Menanggapi aksi GEMMPAR, Kepala Bagian Hukum Pemko Pekanbaru, Edi, menemui massa aksi dan menyampaikan bahwa seluruh tuntutan akan diteruskan kepada pimpinan daerah.
“Empat poin tuntutan dari rekan-rekan aliansi akan kami sampaikan ke Wali Kota. Kami tidak bisa mengambil keputusan langsung, tapi kami pastikan semua akan diproses,” ujar Edi.
Namun, pernyataan tersebut dianggap terlalu normatif oleh para pengunjuk rasa. GEMMPAR mendesak agar Pemko menunjukkan langkah nyata dalam menindaklanjuti tuntutan mereka.
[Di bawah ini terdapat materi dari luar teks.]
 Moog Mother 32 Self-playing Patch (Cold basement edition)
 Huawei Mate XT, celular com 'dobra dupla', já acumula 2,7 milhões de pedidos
“Tolong sampaikan langsung ke Wali Kota. Kontraktor dan pengusaha kecil sudah babak belur. Jangan sampai masyarakat yang jadi korban. Segera bayar dan copot pejabat yang terlibat korupsi,” kata Erlangga.
Sebagai penutup aksi, GEMMPAR mengeluarkan ultimatum. Mereka memberi batas waktu bagi Pemko Pekanbaru untuk menindaklanjuti tuntutan. Jika tidak, mereka mengancam akan kembali dengan gelombang massa yang lebih besar dan aksi yang lebih masif.
“Kami tidak main-main. Jika tidak dibayar, kami akan turun lagi dengan massa lebih besar. Ini bukan sekadar soal uang, ini soal keadilan, integritas, dan tanggung jawab pemerintah terhadap rakyatnya,” tutup Erlangga.